Danish poet and historian

Claus Christoffersen Lyschander (also Lyscander, Lyskander; 1558-1623/4) was a Danish poet and historian.

A native of Nørre Vram, Skåne, Denmark (now in Bjuv Municipality, Sweden), his boyhood was affected by the Northern Seven Years' War, some of his older siblings and his mother fell victim to the epidemics which accompanied the war.
After the war, he was schooled in Herrisvad convent school. His earliest known period in Danish and Latin was composed at the age of 20. He studied at Rostock university under David Chytraeus. He spent several years in Germany, possibly studying at the university at Wittenberg.
In January 1587 wrote a letter of recommendation for Lyschander to Frederick II.
Lyschander was made pastor of Herfølge and Sædder parishes, one of the more prestigious positions in Zealand, where he replaced Jon Jakobsen Venusinus whom he later also succeeded as Royal Historian.
Lyschander married in 1588 and was appointed dean at Bjæverskov Herred (Præstø County).
He published several historiographical works in verse form between 1608 and 1623.

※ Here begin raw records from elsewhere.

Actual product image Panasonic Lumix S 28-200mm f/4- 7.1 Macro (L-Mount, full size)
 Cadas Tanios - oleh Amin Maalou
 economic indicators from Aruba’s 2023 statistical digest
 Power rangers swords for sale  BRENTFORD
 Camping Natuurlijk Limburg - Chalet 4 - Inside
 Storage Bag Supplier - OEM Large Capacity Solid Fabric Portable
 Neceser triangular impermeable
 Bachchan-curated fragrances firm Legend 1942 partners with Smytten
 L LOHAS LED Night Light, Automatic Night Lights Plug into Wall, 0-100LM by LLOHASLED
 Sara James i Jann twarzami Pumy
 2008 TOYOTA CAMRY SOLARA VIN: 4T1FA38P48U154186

He was appointed Royal Historian (kongelig historiograf) by Christian IV in 1616, charged with compiling a national historiography of Denmark "after Saxo" (i.e. covering the 13th century onward).
The work was scheduled for six years, but Lyschander laid out a plan of 116 volumes.
Maybe because it seemed unlikely that Lyschander was able to complete the national history within the appointed time, royal chancellor Christian Friis appointed Johan Isaksson Pontanus with the same task as Lyschander, but Lyschander was allowed to continue to work on his own project. In 1619, Lyschander presented a draft version of his Synopsis Historiae Danicae, which was published in 1622 (now known under the title of Danske Kongers Slægtebog "Genealogy of the Danish kings").